[[ Exercise material, beginning ]]

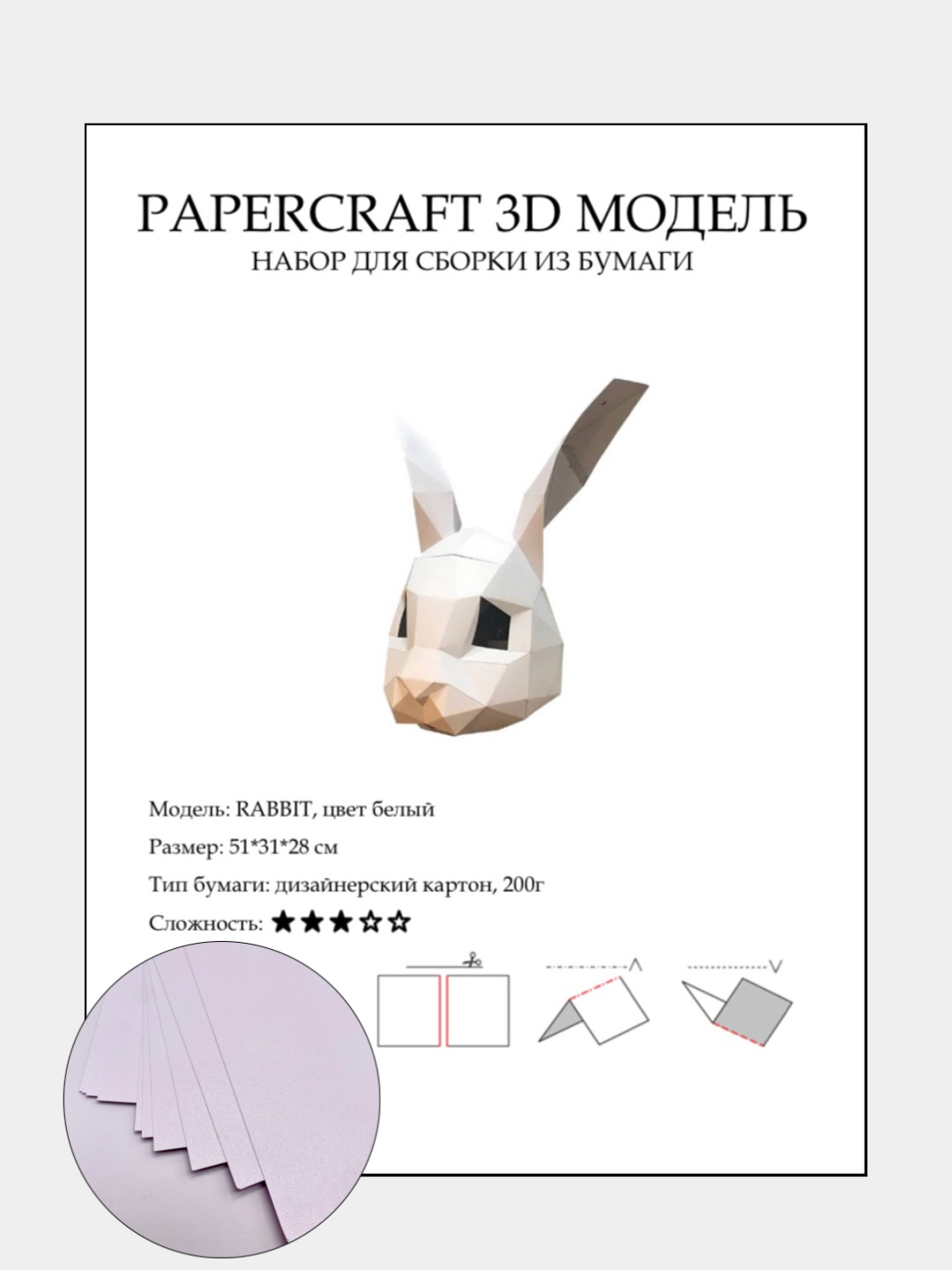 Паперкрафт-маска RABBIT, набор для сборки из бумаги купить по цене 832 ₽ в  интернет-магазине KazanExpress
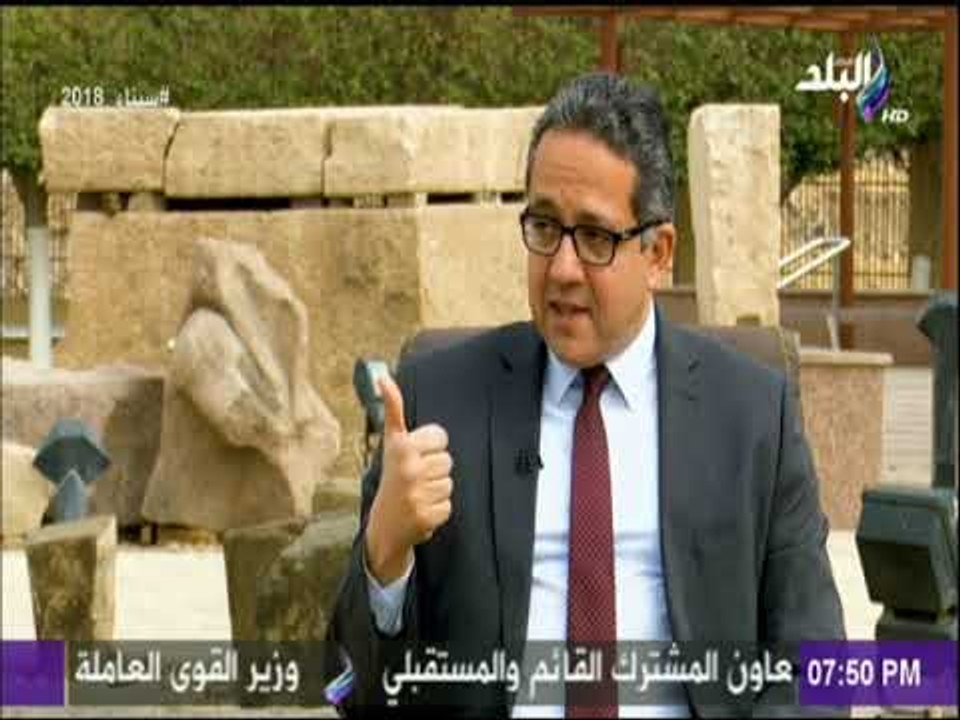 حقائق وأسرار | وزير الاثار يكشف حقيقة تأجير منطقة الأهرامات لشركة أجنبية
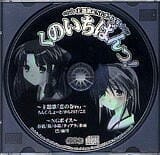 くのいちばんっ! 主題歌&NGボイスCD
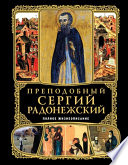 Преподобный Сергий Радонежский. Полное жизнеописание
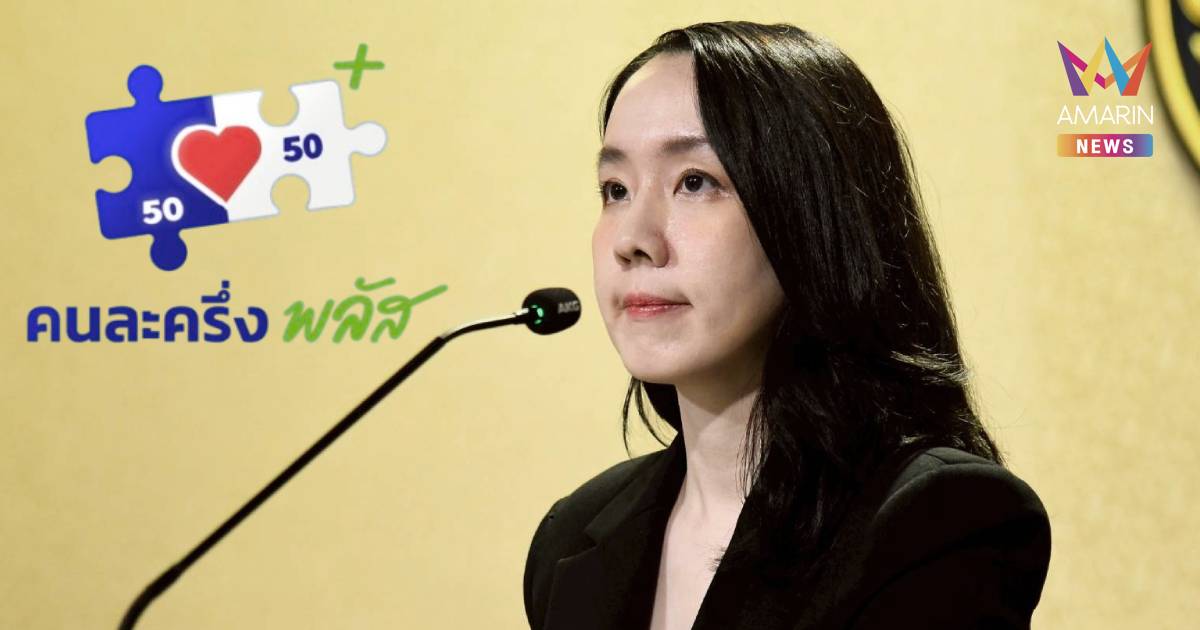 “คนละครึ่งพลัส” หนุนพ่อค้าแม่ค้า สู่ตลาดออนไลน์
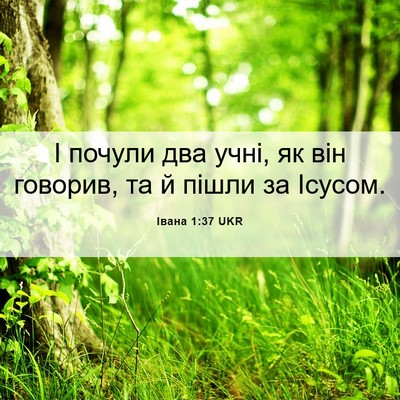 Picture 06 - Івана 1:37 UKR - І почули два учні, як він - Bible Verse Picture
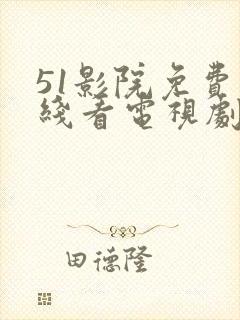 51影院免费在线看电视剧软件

[[ Exercise material, end ]]

About this task ▸
Please repeat, exactly as written, only the lines from the line with "حقائق وأسرار |" to the end of the data, leaving out every picture.

Task response ▸
 حقائق وأسرار | وزير الاثار يكشف حقيقة تأجير منطقة الأهرامات لشركة أجنبية
 くのいちばんっ! 主題歌&NGボイスCD
 Преподобный Сергий Радонежский. Полное жизнеописание
 “คนละครึ่งพลัส” หนุนพ่อค้าแม่ค้า สู่ตลาดออนไลน์
 Picture 06 - Івана 1:37 UKR - І почули два учні, як він - Bible Verse Picture
 51影院免费在线看电视剧软件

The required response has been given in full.